The long-term goal of this study is to develop a biomarker-based screening assay for the early detection of AD-related biochemical changes that can be measured in biofluids such as the CSF. The main goal of this study is to identify phage-based probes to novel protein metabolites associated with AD and its progression. This study will have multiple positive effects that include: earlier and more accurate diagnosis and improved ability to monitor disease progression. To accomplish this goal the project has two aims:
Aim. Identify phage with high sensitivity and specificity for AD-related post-translational modifications (PTMs) to selected proteins associated with AD.

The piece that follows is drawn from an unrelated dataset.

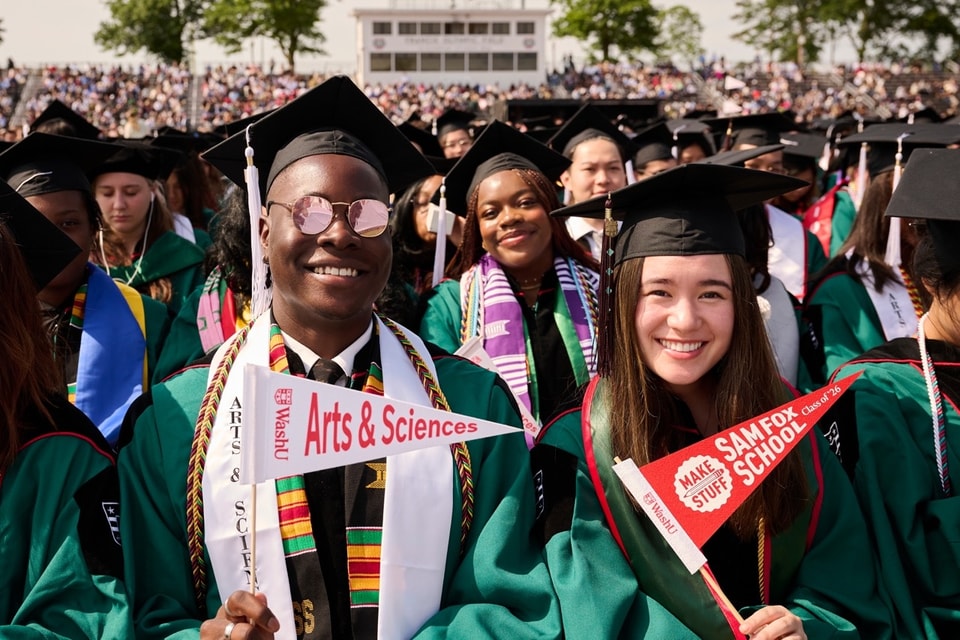 Two people wearing regalia and holding pennants stand next to each other and smile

This aim will leverage the power of phage display to identify novel biomarkers within a selected group of proteins previously found to be associated with AD. Preliminary data demonstrate the proposed method is sufficient to differentially identify even closely related metabolites as well as differentiate between a pilot group of clinically diagnosed AD and control subjects. Alzheimer?s disease is a slow, progressive neurodegenerative disease that ultimately results in death. It is the 6th leading cause of death in the U.S. and there is no cure. Currently, diagnosis occurs relatively late in the, and many cases of AD are misdiagnosed. This proposal addresses an important gap in the development of robust biomarker arrays to assist in the more accurate and earlier detection of AD-related dementia. Completion of this study would be the first step to create PTM based array to evaluate the range of AD-relevant biomarkers to further improve the accuracy of diagnosis and monitoring of disease progression.